Talent is very real. Any teacher will confirm this. Give some five year olds something new to do and some will get it immediately. Others will never get it, no matter much how effort they put in. In between those extremes most will get it eventually, but only after struggling with it.

Most domain have hard skill cut-offs. As in math - I've known otherwise intelligent people who just cannot get how basic algebra and trig work. At all. No amount of patient explanation made a difference. They just couldn't do it.

There's a very real natural ceiling on ability. For some people/skills it's pretty low, for others it's so high you can barely see it.

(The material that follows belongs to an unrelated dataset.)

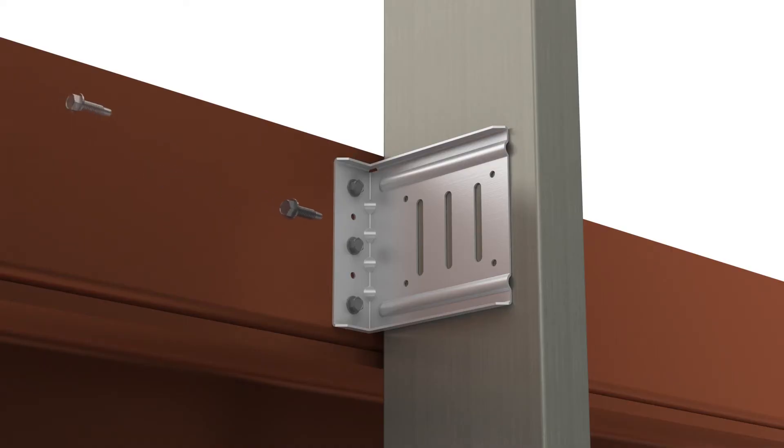Additional pre-punched holes allow for the PLC4 to also be used in a secure, non-deflection application with standard framing connectors.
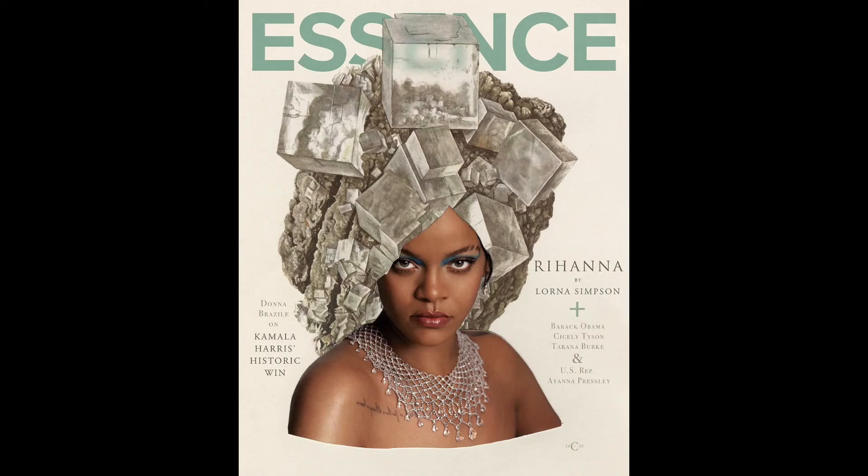Now to talk about Miss Robin Rihanna Fenty. Just four days ago, there was a cover reveal online of Essence Magazine's January–February 2021 cover featuring Rihanna. The cover was done in collaboration with Lorna Simpson, and the reactions were literally hilarious — primarily from people who maybe haven't encountered Lorna Simpson's work before, questioning whether it was a joke and why they did this.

The problem in this culture isn't that talent is a discouraging myth, it's that most of the population doesn't get anywhere those limits.

A lot of native ability is wasted. Most people could do a lot more given the time and resources.


I agree. My earlier comment is really about maximizing ability within your range of natural capabilities with a qualifier stating that most people’s ceiling is higher than they would expect.


> It's interesting, to me, that while my mom, for example, was an incredible "believer" in education, and had defied her own parents and exceeded the role(s) they envisioned for her by many orders of magnitude, she also would often reference "talent" in various contexts when I was growing up.

Do you see a conflict? Talent provides an upper bound on what you can gain from education.